Applications using C/C++/native engines usually have very fast frame render times. It has to be quick, since they often have several passes (check this article to see what Doom does), and when the hardware is too slow to keep up with the game they reduce the effects – adding more render threads wouldn’t help, you’re already GPU bound. And if you’re CPU bound, rendering things faster on the GPU won’t help either.
I haven’t kept up-to-date on what hardware can do to improve GPU render times, but I know there are a few extensions like https://www.khronos.org/registry/OpenGL/extensions/OVR/OVR_multiview.txt or WebGL Deferred Shading - Mozilla Hacks - the Web developer blog. Also, simulation is not my domain, but I know about PhysX/Bullet and other attempts of performing physics in the GPU. Apparently this was already thought of, not sure if it was actually implemented in BJS: Running physics in a webworker
Anything that is CPU bound could potentially perform better with a webworker – particle animations, collision detection, things like that. But webworkers are still a pain to work with and passing data has a lot of restrictions.

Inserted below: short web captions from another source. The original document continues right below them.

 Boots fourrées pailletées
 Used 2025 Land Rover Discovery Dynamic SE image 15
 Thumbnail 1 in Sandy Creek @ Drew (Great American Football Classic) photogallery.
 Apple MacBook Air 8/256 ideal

SharedArrayBuffer was deprecated and partially un-deprecated. Sending data by reference is somewhat muddy – possible, but could have some significant synchronization challenges and require a double or triple buffer. @aFalcon perhaps could link to the discussion he mentioned.

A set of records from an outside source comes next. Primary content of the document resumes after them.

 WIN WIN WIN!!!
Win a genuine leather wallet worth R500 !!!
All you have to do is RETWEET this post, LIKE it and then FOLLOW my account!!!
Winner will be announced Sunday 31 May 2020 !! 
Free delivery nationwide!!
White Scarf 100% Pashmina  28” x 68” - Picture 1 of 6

From my tests the bottleneck in BJS seems to be animating some objects (surprising me, since I imagined it’d be done in the GPU these days always, but apparently not in some cases) and
_evaluateActiveMeshes, which I guess is slow from sending data to the GPU and not actual CPU calculation (any BJS gods could confirm this?). I suppose animation could benefit from moving to a web worker, but it’s probably not trivial since BJS seems to need it to be done before the render phase. The best advantage of using offscreen to me is releasing the main thread, so even if the rendering is slow your browser doesn’t freeze.
I think it boils down to: what are you trying to achieve and what is your bottleneck?